• PROBLEM DETAILS
Your job is to transcribe the material exactly, every line included.

• DATASET CONTENT
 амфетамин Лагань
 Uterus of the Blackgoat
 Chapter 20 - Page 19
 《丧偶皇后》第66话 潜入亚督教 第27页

• TASK RESULT
 амфетамин Лагань
 Uterus of the Blackgoat
 Chapter 20 - Page 19
 《丧偶皇后》第66话 潜入亚督教 第27页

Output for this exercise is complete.